▶ ABOUT THIS TASK: A full, exact copy of the listing is needed, with images omitted.

________________________________________

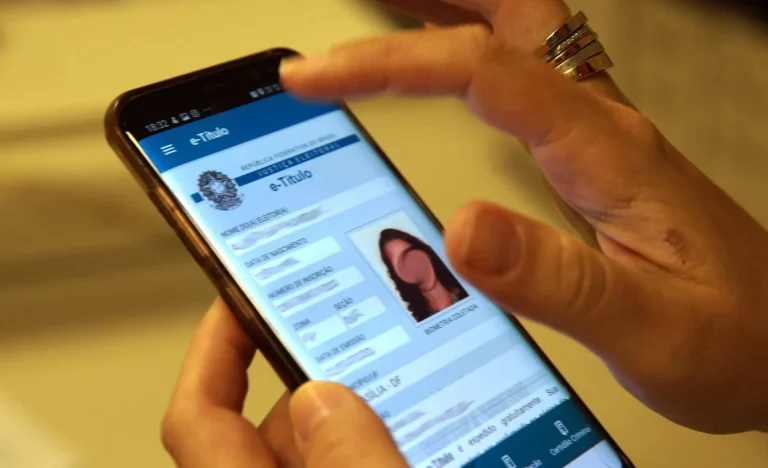 Deixou de votar? Multa eleitoral baixa pode impedir passaporte, financiamento e até posse em cargo público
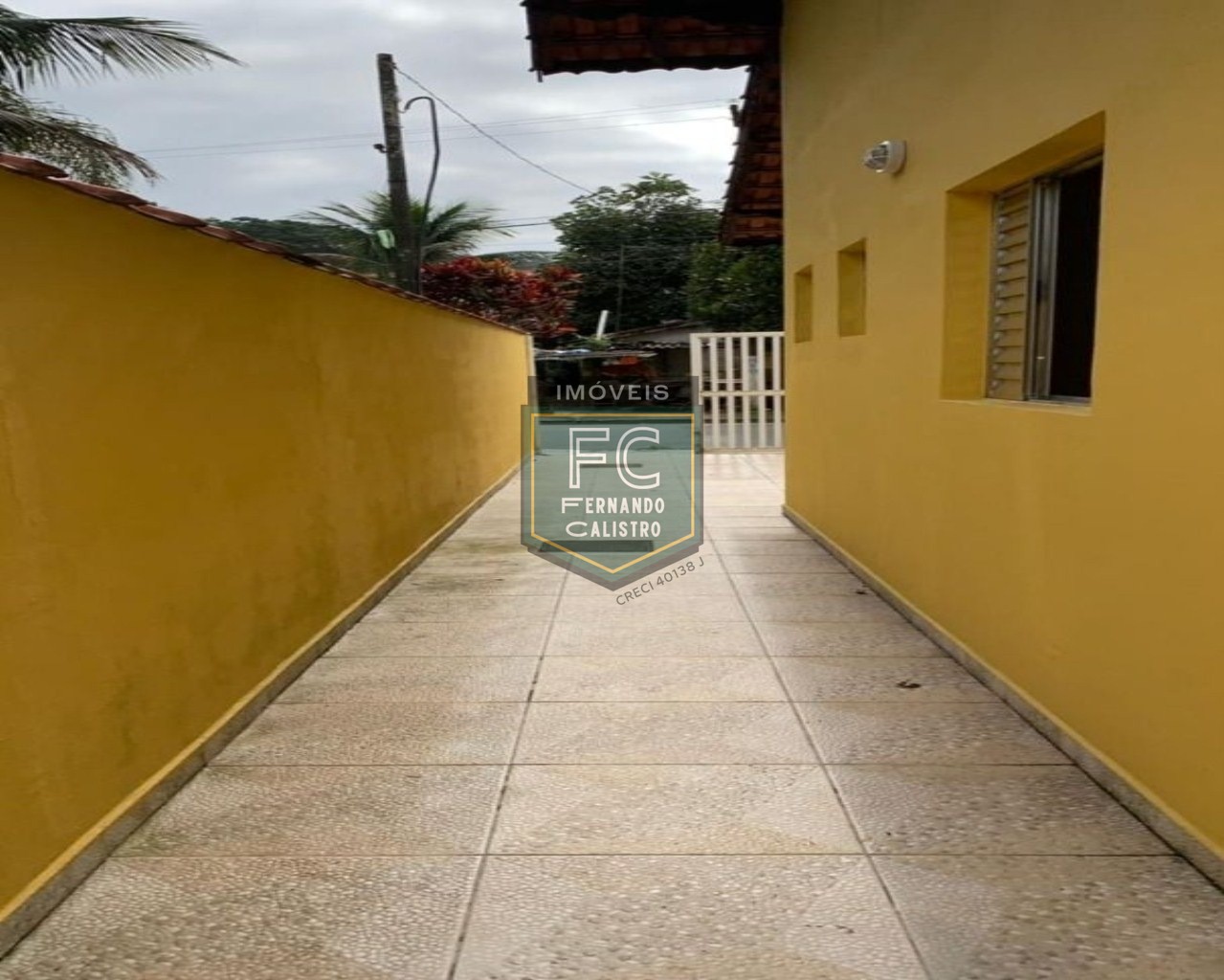 Casa nova individual com 2 dormitórios (1 suíte) 60 m², proxima à avenida, 500 mts da praia, à venda por R$ 240.000 - solemar - praia grande/sp.
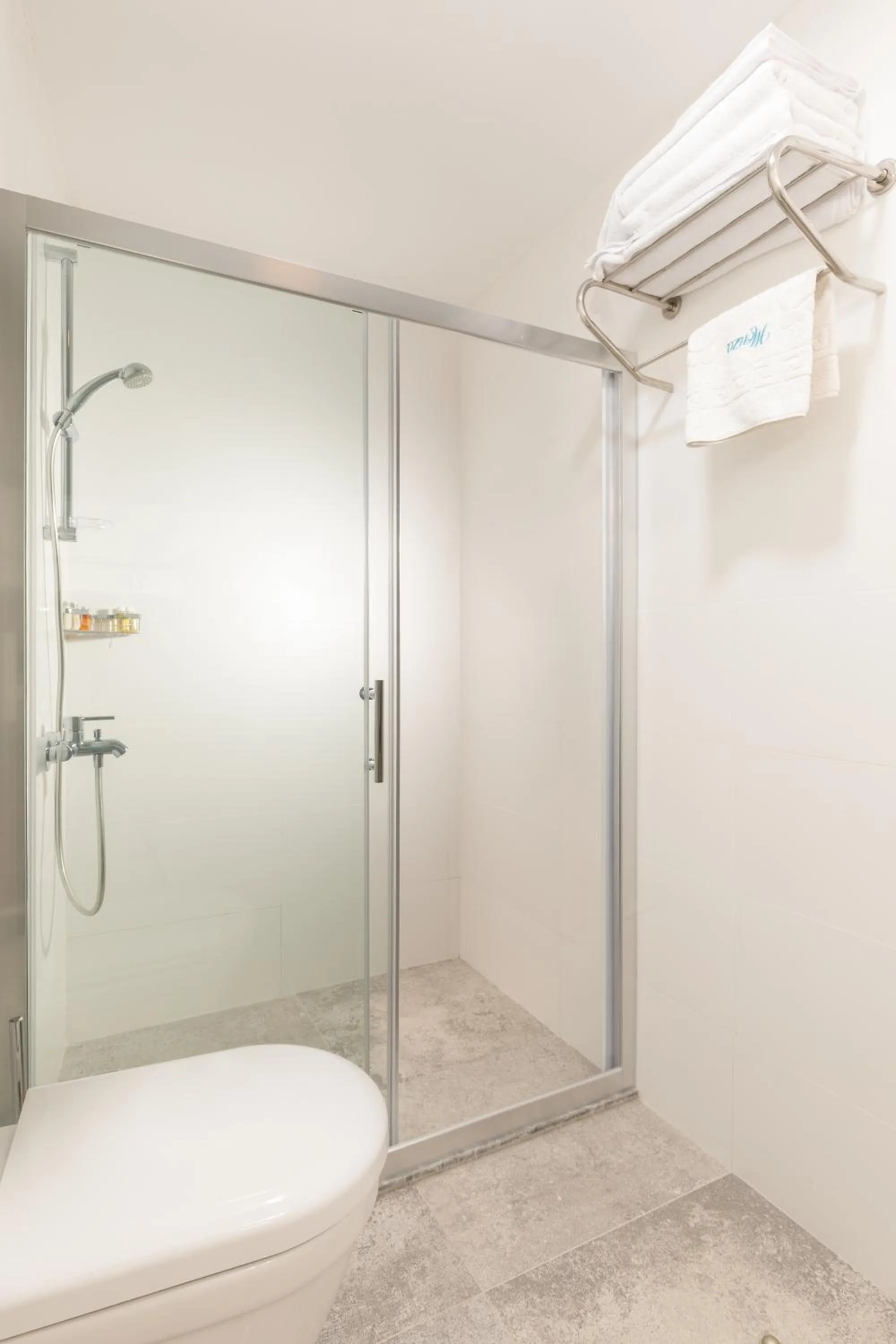 Shower in Monza House Otel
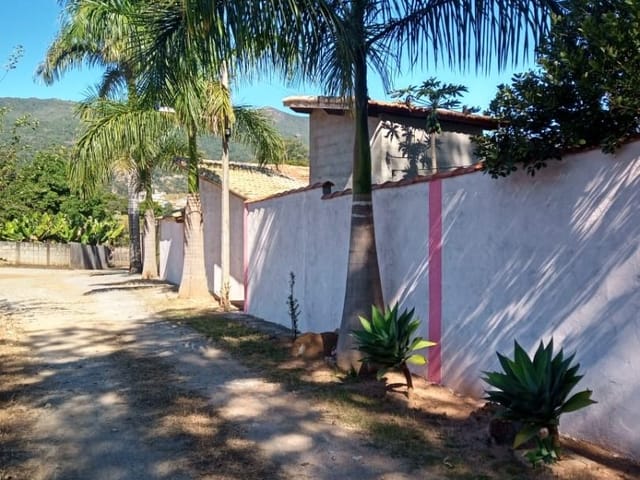 Chácara com 9400m² 7 quartos e 4 banheiros, à venda, no bairro Rodeio em Extrema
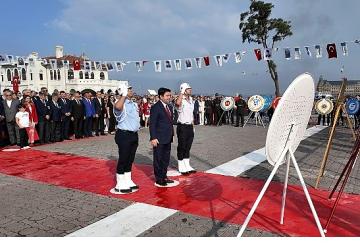 Kadıköy Sokaklarında Zafer Bayramı Coşkusu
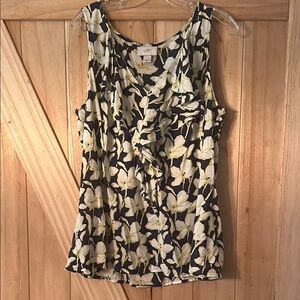 LOFT Women's Sleeveless Floral Tank Top - Black and Cream
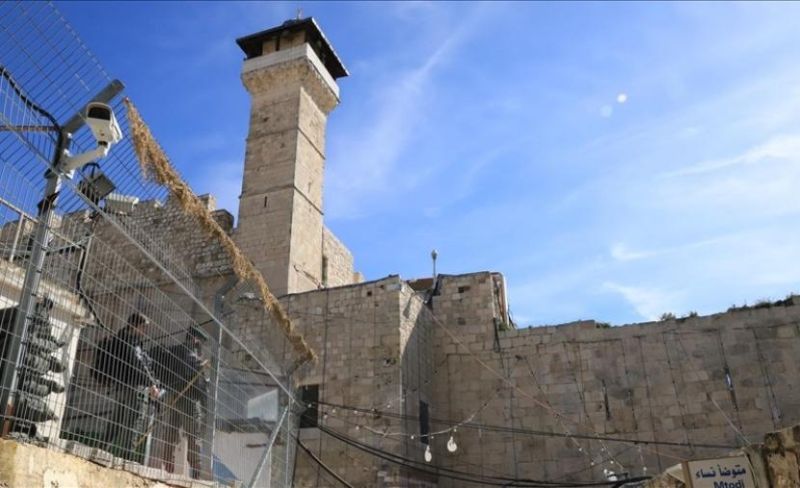 الاحتلال يبدأ بـ "سقف" صحن المسجد الإبراهيمي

________________________________________

▶ RESPONSE AREA:
 Deixou de votar? Multa eleitoral baixa pode impedir passaporte, financiamento e até posse em cargo público
 Casa nova individual com 2 dormitórios (1 suíte) 60 m², proxima à avenida, 500 mts da praia, à venda por R$ 240.000 - solemar - praia grande/sp.
 Shower in Monza House Otel
 Chácara com 9400m² 7 quartos e 4 banheiros, à venda, no bairro Rodeio em Extrema
 Kadıköy Sokaklarında Zafer Bayramı Coşkusu
 LOFT Women's Sleeveless Floral Tank Top - Black and Cream
 الاحتلال يبدأ بـ "سقف" صحن المسجد الإبراهيمي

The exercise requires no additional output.